![Callysto.ca Banner](https://github.com/callysto/curriculum-notebooks/blob/master/callysto-notebook-banner-top.jpg?raw=true)

# Data Science Hackathon

As our world becomes increasingly data-driven, the ability to analyze, visualize, and draw insights from large and complex datasets is becoming an essential skill. Data science can provide you with the tools to make better decisions and solve complex problems.
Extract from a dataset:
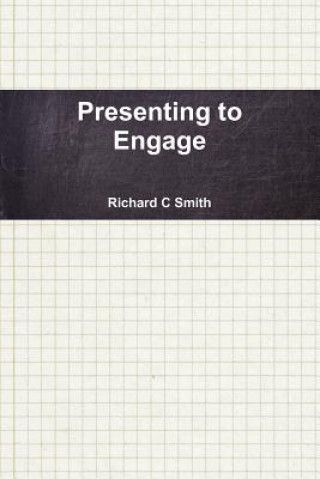 Presenting to Engage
Click on the cell below, then click the Run button above to import and display a dataframe about *hypothetical* pets for adoption from our friends at [Bootstrap](https://www.bootstrapworld.org/materials/data-science).

In [24]:
import pandas as pd
pets = pd.read_csv('https://raw.githubusercontent.com/callysto/data-files/main/data-science-and-artificial-intelligence/pets.csv')
pets

Unnamed: 0,Name,Species,Gender,Age (years),Fixed,Legs,Weight (lbs),Time to Adoption (weeks)
0,Sasha,cat,female,1,False,4,6.5,3
1,Mittens,cat,female,2,True,4,7.4,1
2,Sunflower,cat,female,5,True,4,8.1,6
3,Sheba,cat,female,7,True,4,8.4,6
4,Felix,cat,male,16,True,4,9.2,5
5,Snowcone,cat,female,2,True,4,6.5,5
6,Wade,cat,male,1,False,4,3.2,1
7,Hercules,cat,male,3,False,4,13.4,2
8,Toggle,dog,female,3,True,4,48.0,1
9,Boo-boo,dog,male,11,True,4,123.0,24


To create visualizations, we will use [Plotly Express](https://plotly.com/python/plotly-express). Click on the cell below then click Run to display a `bar` graph.

In [None]:
import plotly.express as px
px.bar(pets, x='Name', y='Age (years)', title='Pets Ages')

## Beginner Challenges

Each of these challenges is worth 2 points, and uses the `pets` dataframe.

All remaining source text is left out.